◆ **What you need to do**
Although the data holds pictures, return only the lines from the one containing "Damen Pullover mit" to the end, exactly, and without them.

Data extracted from a collection
((
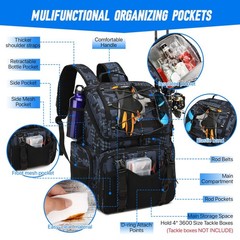 Fishing Tackle Backpack 45L 50cm/19.6in Rod Holders Rain Cover Cooler Bag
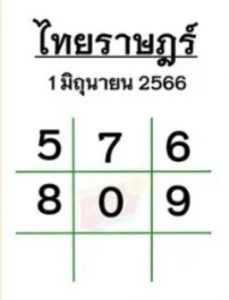 หวยไทยราษฎร์ 1/6/66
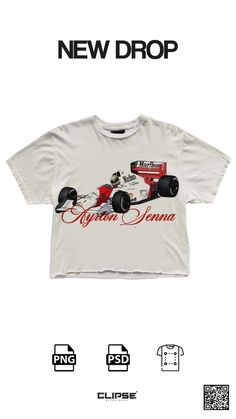 a t - shirt with an image of a racing car on it and the words new drop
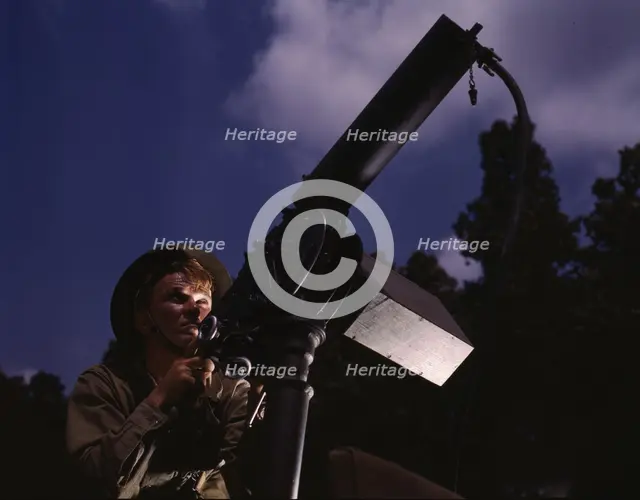 Browning machine gunner, Ft. Knox, Ky., 1942. Creator: Alfred T Palmer.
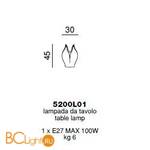 Настольная лампа Beby Group Bouquet 5200L01 Chrome White Charmante - Схема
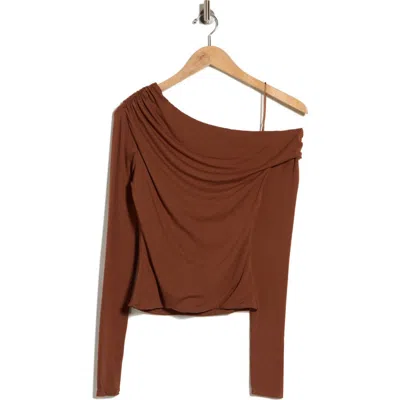 Afrm Bria One-shoulder Jersey Top In Brown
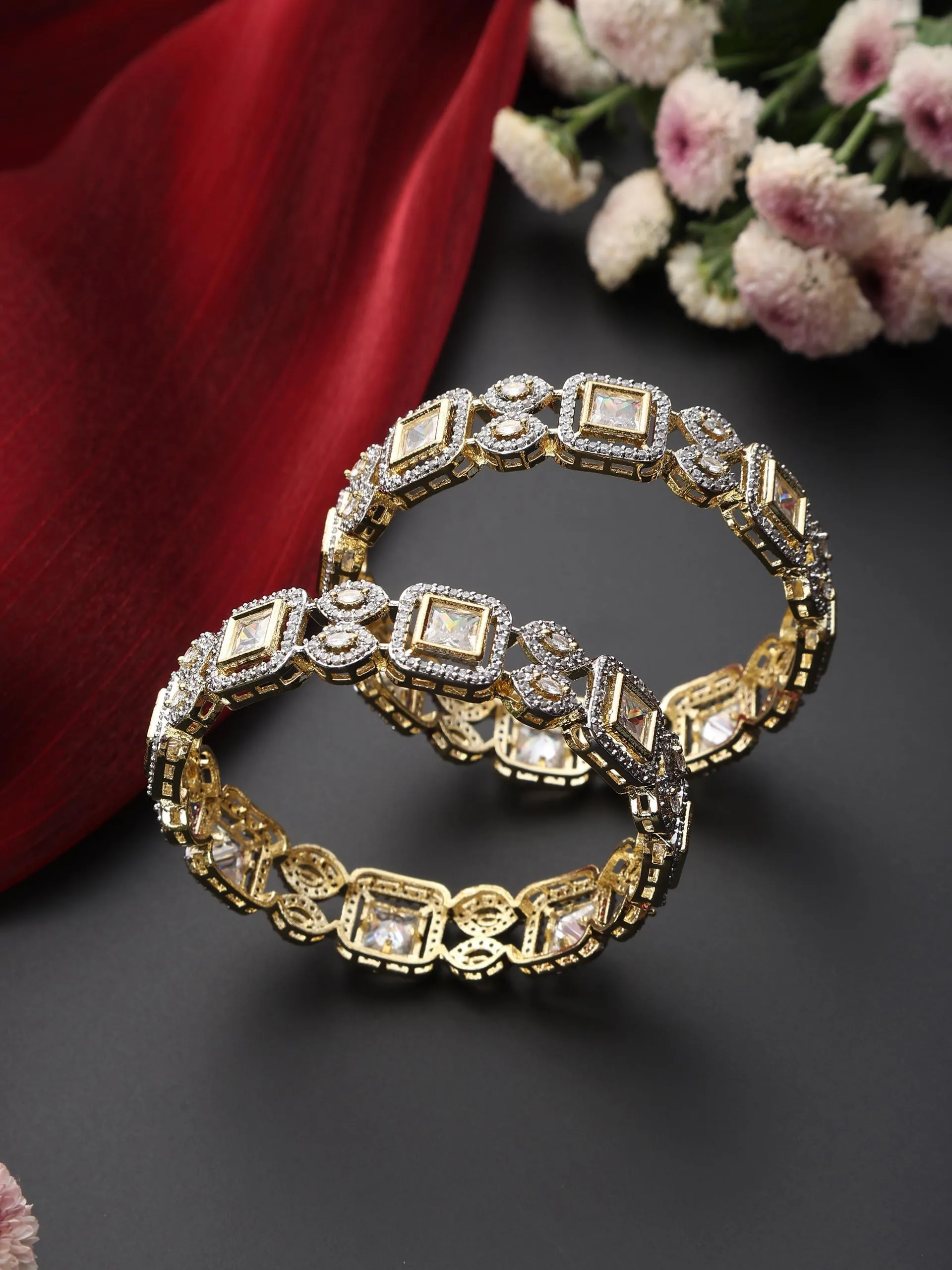 Yellow White Broad Bangles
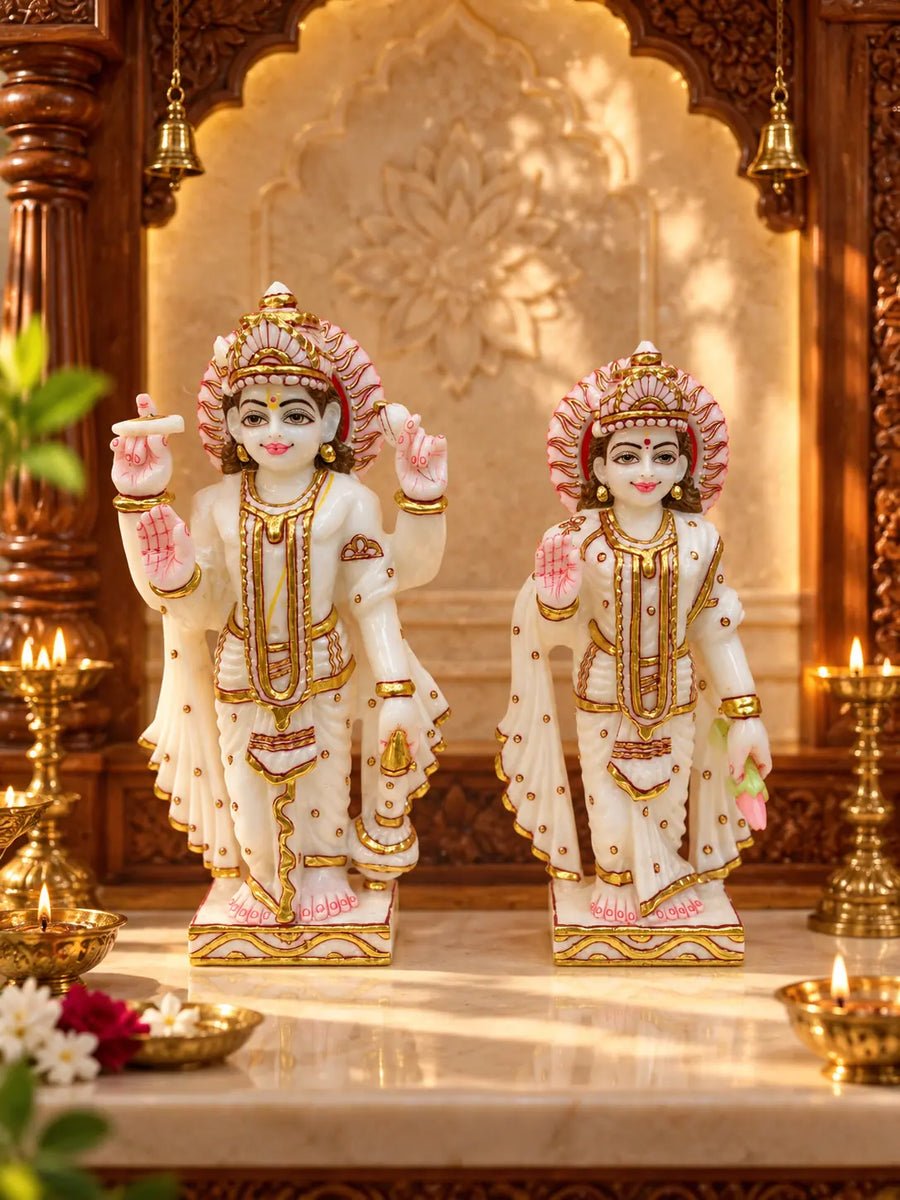 Shri Ram Sita marble pair — full view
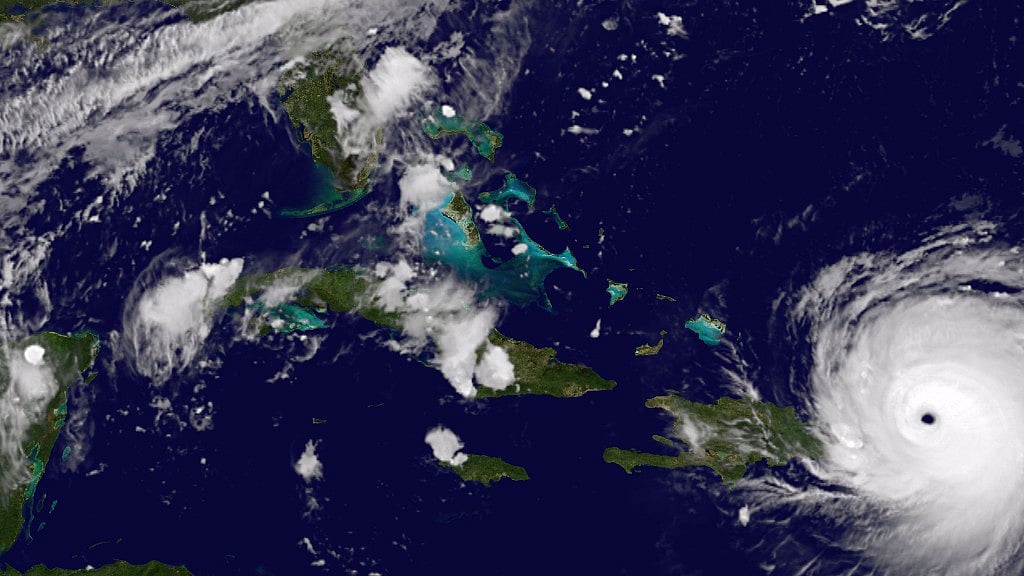 In this satellite image released by NASA/NOAA GOES Project, Hurricane Irma has reached Puerto Rico.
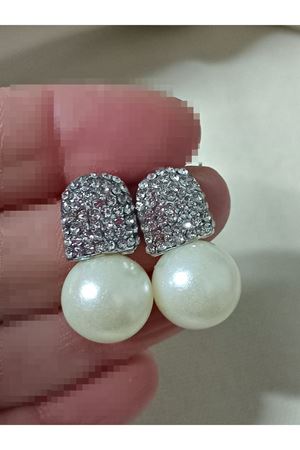 Gümüş Taşlı Mineli İnci Şık Kadın Küpe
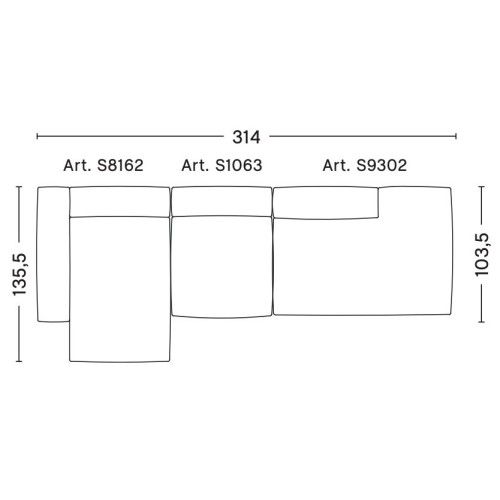 3 places – combinaison 3 (coin gauche) – Mags Soft - HAY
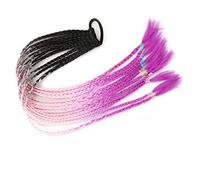 Ponytail Extension 60CM Colorful Mixed Braid Hairpieces for Girls Kids, Dress Beautification Ornament Synthetic Rubber Band Twist Braid Ponytail Extension Hair Extensions Ponytail(0016)
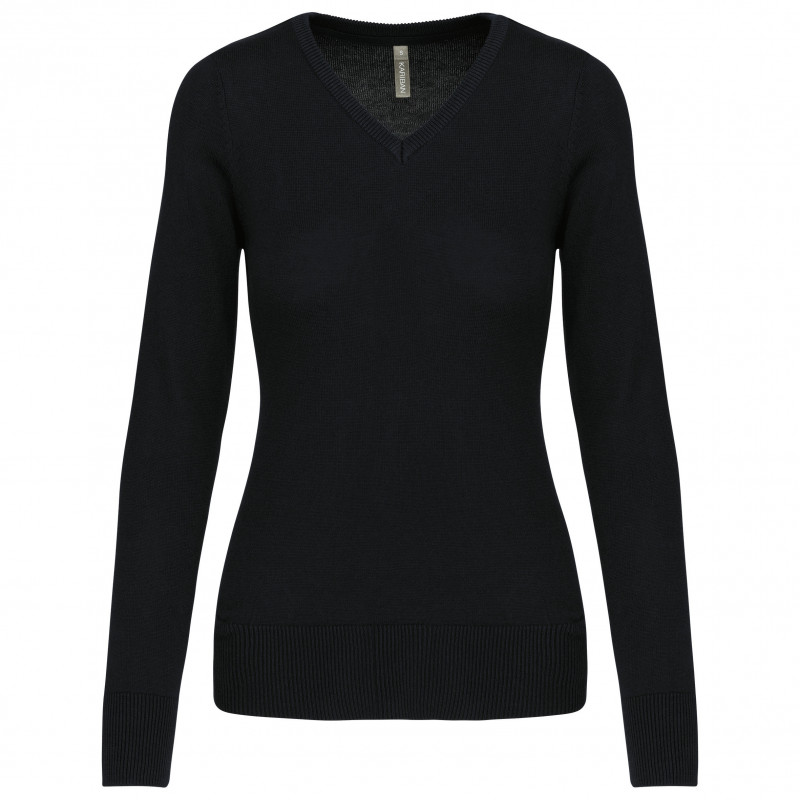 Pull col V femme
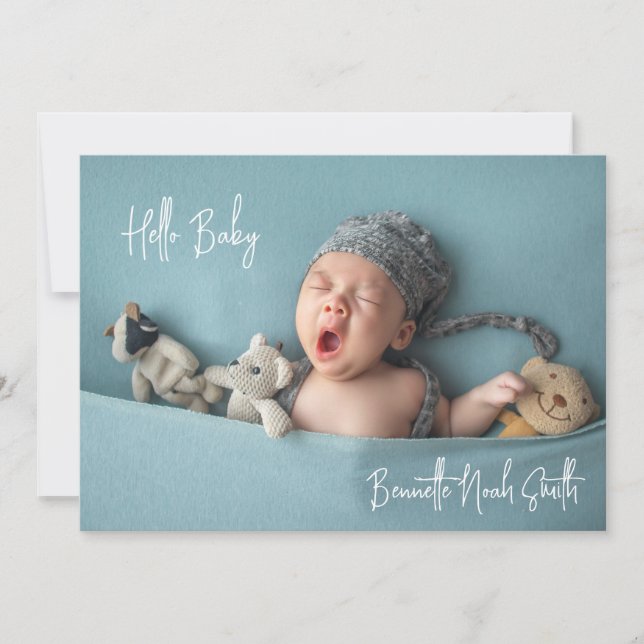 Simple Newborn Photo Elegant Hello Baby Birth Announcement (Front)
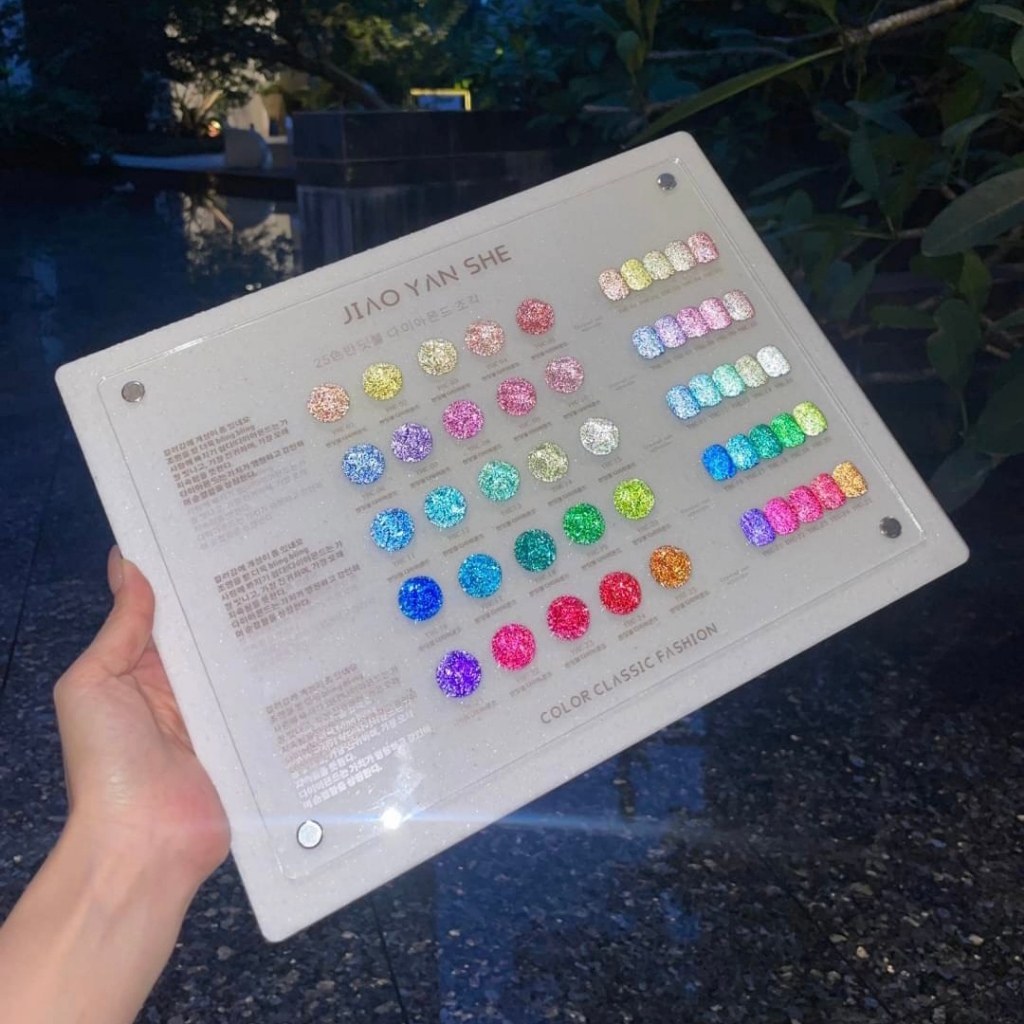 JYS 25สี (JIAO YAN SHE) สีเจลแฟลชกากเพชร Reflective gel micro diamond flash สีทาเล็บเจล ยาทาเล็บ#K8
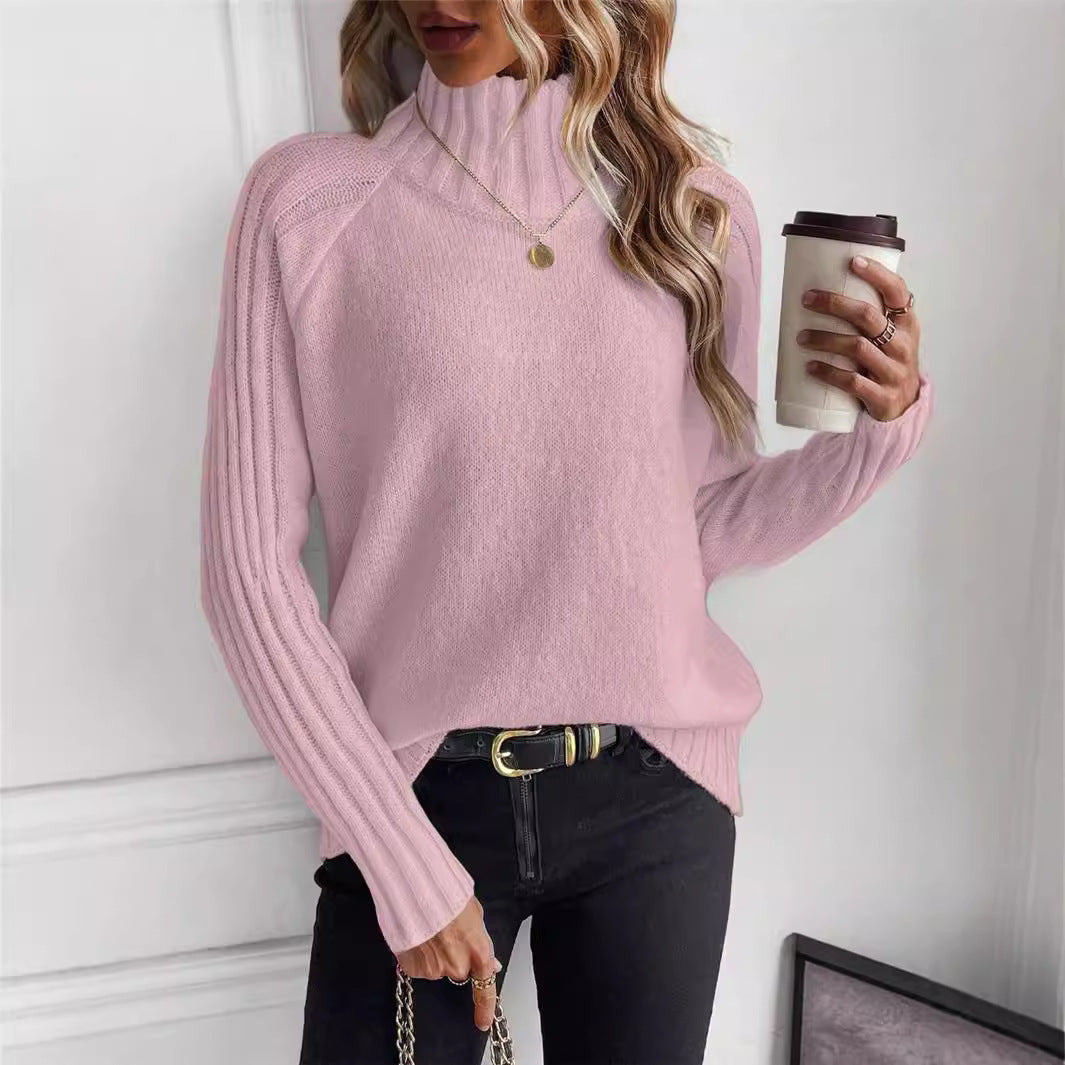 Damen Pullover mit modernem Stehkragen und strukturiertem Rippdesign Stalluxe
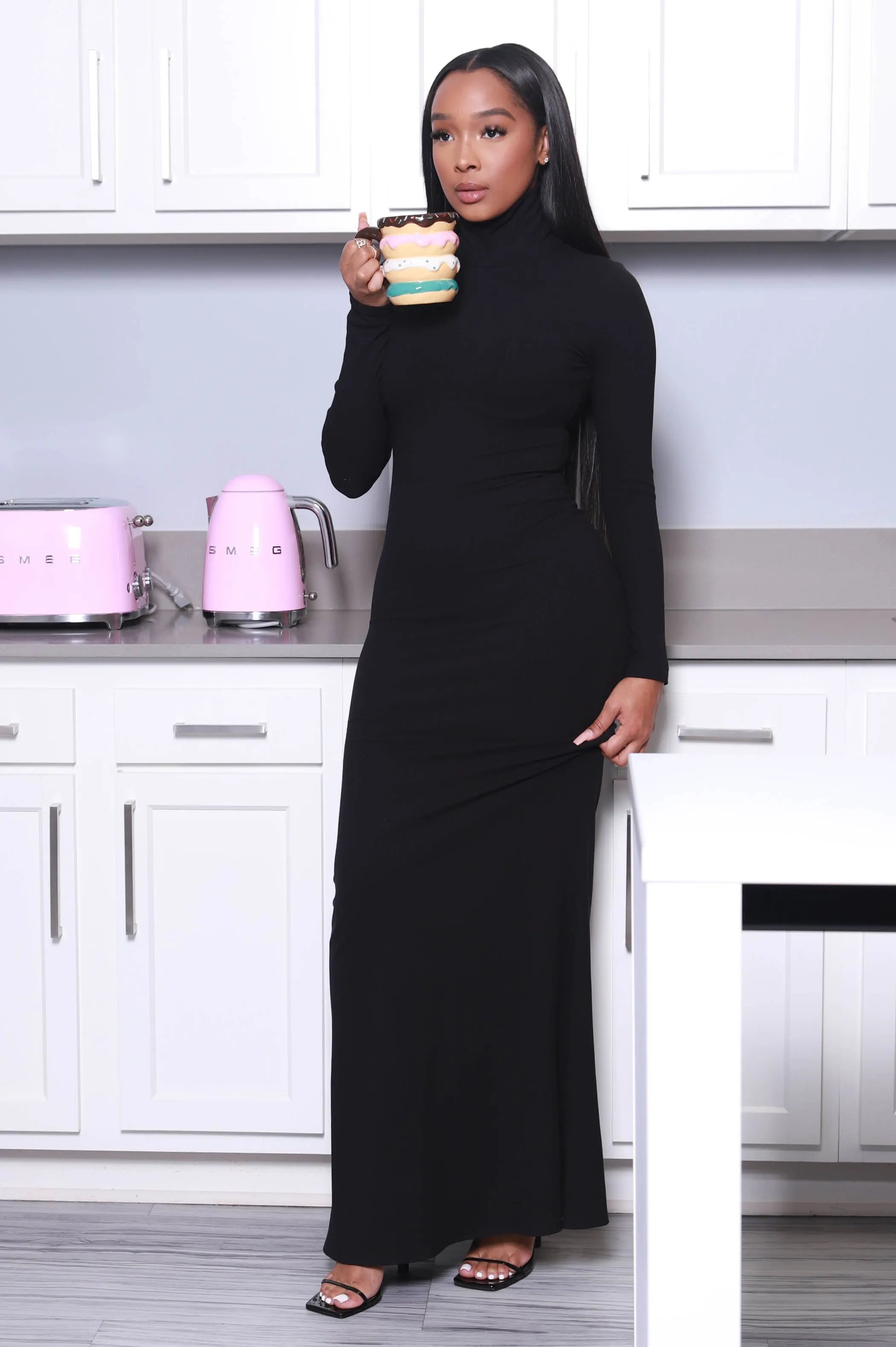 Always You Cellulite Deleter Ribbed Maxi Dress - Black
))
◆ **Task response**
 Damen Pullover mit modernem Stehkragen und strukturiertem Rippdesign Stalluxe
 Always You Cellulite Deleter Ribbed Maxi Dress - Black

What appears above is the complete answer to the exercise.